D’altro canto, non è dato comprendere perché, nell’alternativa, il giudice potrebbe essere chiamato a formulare la proposta “sino a quando è esaurita l’istruzione“. E poi cosa significa questa vaga formulazione: prima dell’ultimo atto istruttorio ? Prima di transitare dall’istruttoria, all’udienza di precisazione delle conclusioni (che sarebbe forse l’interpretazione più logica) ?
In entrambi i casi (soprattutto nel primo) comunque appare evidente come il vincolo impositivo di formulazione della proposta in capo al giudice, lo espone a dei concreti rischi di anticipazione del proprio convincimento in ordine alla futura decisione che dovrà assumere.
In tali casi, la “proposta conciliativa” può riverberarsi sulle parti come un’adombrata (nemmeno troppo) minaccia circa il futuro, possibile esito del giudizio. Le parti, rammentiamolo, non hanno l’obbligo di conciliare. Per tal motivo, invischiare la conciliazione con delle conseguenze così stringenti sul piano processuale, allorché lo strumento (processo) sia in mano proprio a quell’organo che prima propone (in modo imperativo) e poi decide (del pari in modo imperativo), significa snaturare completamente lo strumento deflattivo che, invero, dovrebbe essere in mano a terzi soggetti, rispetto all’organo decidente.
In tal modo, ci si colloca al limite dei vincoli e principi dettati dalle norme sulla “ricusazione” del giudice, per i quali il giudice dovrebbe “astenersi” dal decidere (ovvero rischierebbe di essere ricusato dalla parte), ove abbia “dato consiglio o prestato patrocinio nella causa” od anche “esistano gravi ragioni di convenienza che consiglino al giudice di astenersi“. Valuterà infatti il giudice se astenersi (od essere altrimenti ricusato) dopo avere formulato una proposta che poi, si possa sostanziare in un “anticipo” del proprio convincimento tradotto in sentenza. Come invero traduce la prioritaria dottrina in argomento, la “ratio della norma sarebbe l’amor proprio del giudice che difficilmente recederebbe da una soluzione della controversia data in anticipo, in termini concreti” (Romboli, “Astensione e ricusazione”, Egi, Roma 1980), o, ancora “evitare che giudichi la controversia chi già se ne sia formata una opinione” (Dittrich, “Incompatibilità, astensione e ricusazione del giudice”, Padova, 1991).

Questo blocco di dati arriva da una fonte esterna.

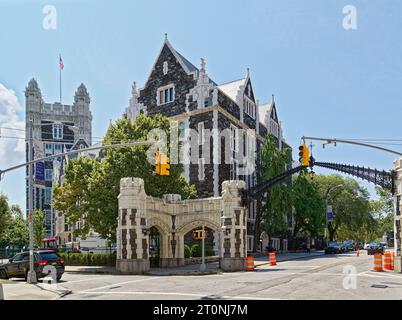 Alexander Hamilton Gate, l'une des six grandes entrées du City College de New York. Banque D'Images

Anche perché, il diniego delle parti (o come spesso può accadere, di una parte) rispetto alla proposta conciliativa formulata dal giudice è tutt’altro che privo di effetti per le parti che si troveranno condizionate, sia dal fatto di avere detto un “no” al giudice, sia dal fatto che tale “no”, avrà un peso e potrà averlo determinante se a seguito di istruttoria, la decisione si ponga in bilico tra le parti, potendo così il giudice contare e motivare certi passaggi della sentenza anche in base al suo libero e discrezionale convincimento.
Meglio auspicabile, in definitiva, il ricorso massiccio alla mediazione delegata dal giudice verso organismi esterni, che oggi secondo le novità introdotte, diventa vincolante e non più solo facoltativa per le parti del giudizio.